"Basic sanitation" removes all sorts of valid UTF8 characters

php-edifact / edifact

Tools to process EDI messages in UN/EDIFACT format

GNU Lesser General Public License v3.0

272 stars 87 forks source link

"Basic sanitation" removes all sorts of valid UTF8 characters #20

Closed notchriss closed 8 years ago

notchriss commented 8 years ago

Letters like Š are removed by the line $line = preg_replace('/[\x00-\x1F\x80-\xFF]/', '', $line); //basic sanitization, remove non printable chars

sabas commented 8 years ago

Hi @notchriss , these letters are not valid per the official syntax rules (see http://goo.gl/cSFrnv section 4 and 5), although you could use it when you specify it with whom you send/receive the message. Sometimes I saw messages with letters with diacritics (in italian we use àòùìèé and so on) get rejected by my carrier..

We could implement an exception somehow? How? I wouldn't remove the line, at the very least instead of replacing we could transliterate with iconv... (edit: actually iconv requires to know the charset of origin...)

notchriss commented 8 years ago

Hi @sabas, I do not think exception is a good idea, if it's a deviation from the standard.

Although it's hard to believe EDIFACT has no way to send such symbols, seeing how it's a relatively popular standard in the aviation industry, and many people's (i.e. passengers) names from different European countries do contain them. Maybe it's possible to use a different encoding agreed upon by the sender and the receiver? In this particular case I happened to be both, so I can just convert the string before sending and then convert it back to UTF8 after receiving.

sabas commented 8 years ago

If you act as both you can use the standards you want :-) Simply remove the line from the library (or you're using it with composer?)
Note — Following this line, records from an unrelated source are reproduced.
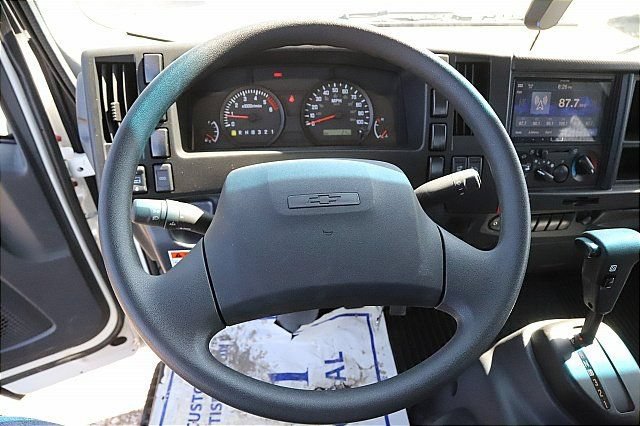 New 2025 Chevrolet Low Cab Forward 5500HG RWD image 12
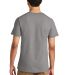 Jerzees 570MR Premium Cotton T-Shirt in Rock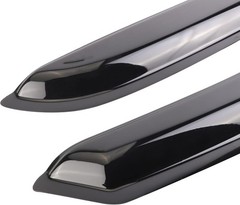 Window Visor Compatible with Wind Deflector 2022-2023 Mitsubishi Outlander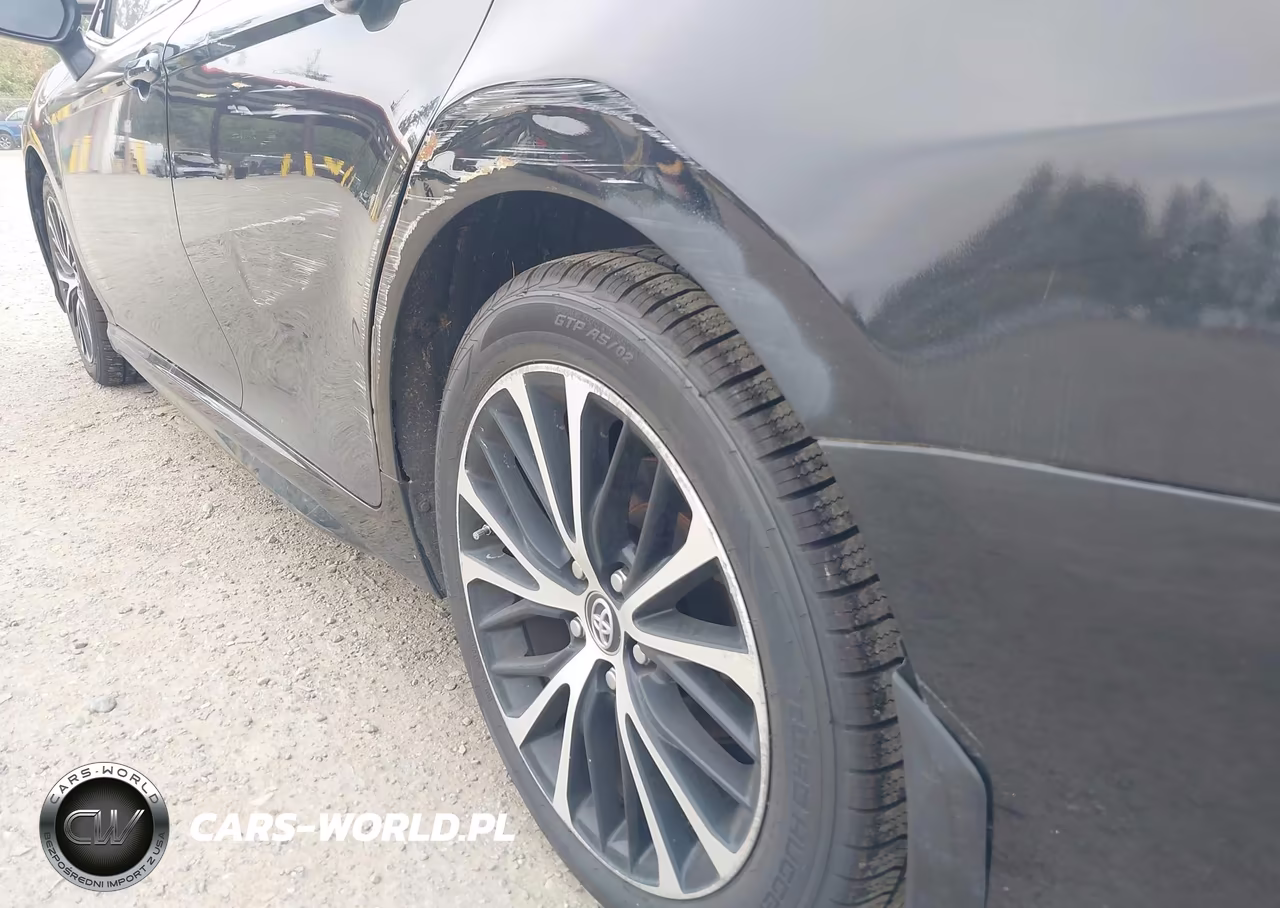 2019 Toyota Camry Se VIN:4T1B11HK0KU164292 - 18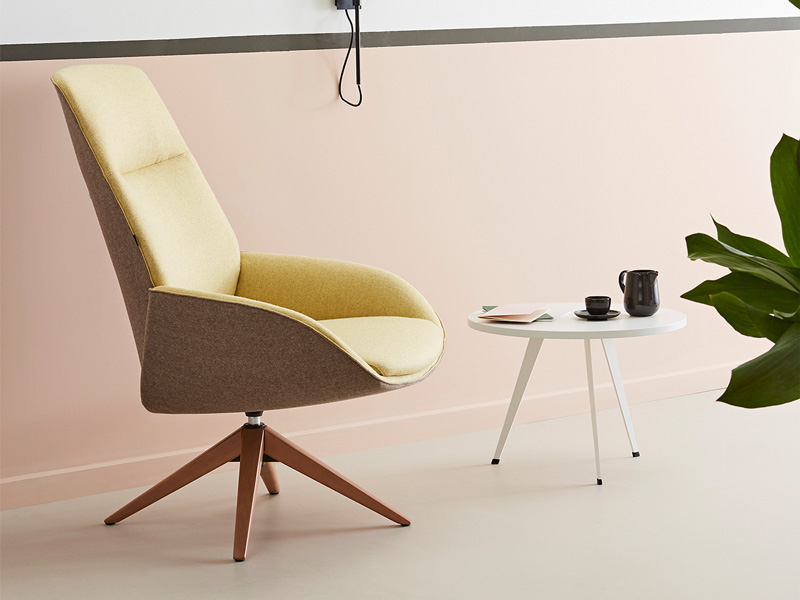 Butaca Noom 20 respaldo alto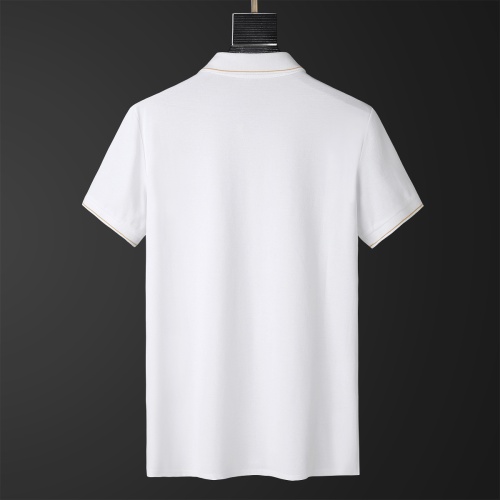 Cheap Louis Vuitton LV T-Shirts Short Sleeved For Men #1226986 Replica Wholesale [$38.00 USD] [ITEM#1226986] on Replica Louis Vuitton LV T-Shirts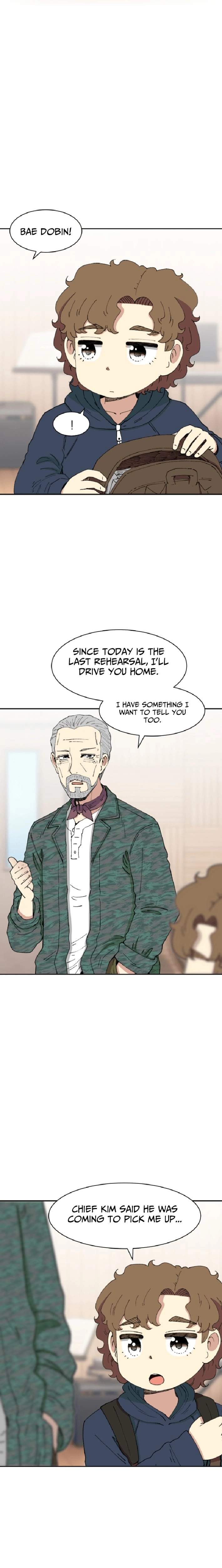 Beethoven Reborn Chapter 99 page 11 - 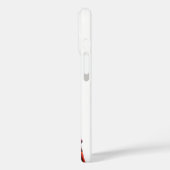 Vibrant style néon iPhone 16 Coque (Verso / Gauche)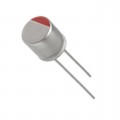RL81C221MDN1 - CAP ALUM POLY 220UF 20% 16V T/H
notchriss commented 8 years ago

I did remove it for now to get it working, but it's not a good long term practice. Nobody knows how long I'll maintain both or either of the servers, or where this code is going to be reused later. Standards are created for a reason, everyone and their aunties having their personal standards is not OK :) Anyway this issue can probably be closed, since apparently it's not an issue with your implementation but with EDIFACT standard itself

yoselibero commented 8 years ago

Hi, i have the same problem. I understand the standard, but in reality, not a single EDI supplier in my project (dozen of them) is encoding the data in accordance with it.. so i get all the non ASCII characters (ěščřžýáí, german umlauts etc.).

What i would like to suggest is to have the possibility to choose if this validation and character removing gets triggered.. (some boolean, setter, default can be as it is).. Because when your parser is deleting the characters, i can't use it without overriding it.. (running from Composer of course).

Again, i understand the background of this, but in my reality, there is not a single one company respecting it. So i would need to override the parse method; and check your updates for the rest of my life :/

Thanks for thinking about it.. If you decide to implement some option, please, make that warning triggering based on that option as well.

Be well. Josef

sabas commented 8 years ago

Hi @jiff88 could you try with the latest version (0.0.5), I added a feature to relax this requirement in Parser.

$p = new Parser();
$p->setStripRegex("/[\x01-\x1F\x80-\xFF]/");
$p->loadString(SOMEEDIFACTSTRING);

where "/[\x01-\x1F\x80-\xFF]/" is the default regex. You can change as you wish. (I moved the NULL char stripping to the first regex)

Let me know if it works! :-)

/cc @notchriss if he's still interested

yoselibero commented 8 years ago

Oh my.. my bad! I saw that thing on 0.0.5., but i thought i should specify the VALID ranges, not the ranges that will be cut away.. and it's actually inverse, so great! I couldn't imagine i write regexp that will allow all the ranges i want, that would be huge nonsense. Thank you.